According to the official report, the terrifying event took place just 13 minutes after takeoff.
In just 20 minutes, First Officer Alistair Atcheson managed to complete an emergency landing at Southampton Airport.
Lancaster’s body remained pinned against the frame, while additional crew members came to help hold his lower half inside.
His head continuously struck the aircraft's roof, enduring wind speeds of up to 300 mph and temperatures far below freezing.
The crew assumed he wouldn’t survive, but against all odds, he did.
Old NBC News footage shared by YouTube channel Retrontraio showed a haunting detail.

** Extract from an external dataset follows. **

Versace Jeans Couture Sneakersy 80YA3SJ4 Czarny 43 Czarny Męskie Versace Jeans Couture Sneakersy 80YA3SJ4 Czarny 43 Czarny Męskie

Above the cockpit window that had blown off, blood from the pilot was visible on the exterior of the plane.
The repeated blows to his head caused significant injuries. The pilot was reported to have suffered severe bruising, frostbite, a dislocated shoulder, and fractures to his arm and wrist, according to The Sydney Morning Herald.
Flight attendant Ogden described the terrifying experience to the publication, saying: "I whipped round and saw the front windscreen had disappeared and Tim, the pilot, was going out through it - he had been sucked out of his seatbelt, and all I could see were his legs."
"I jumped over the control column and grabbed him round his waist to avoid him going out completely."
He further added: "His shirt had been pulled off his back and his body was bent upwards, doubled over round the top of the aircraft."
"His legs were jammed forward, disconnecting the autopilot, and the flight door was resting on the controls, sending the plane hurtling down at nearly 650 kmh through some of the most congested skies in the world," Ogden explained.
Lancaster later admitted that he was aware of being outside the plane but wasn’t greatly troubled by it.
"What I remember most clearly was the fact that I couldn't breathe because I was facing into the airflow," he admitted during the 2005 documentary Mayday.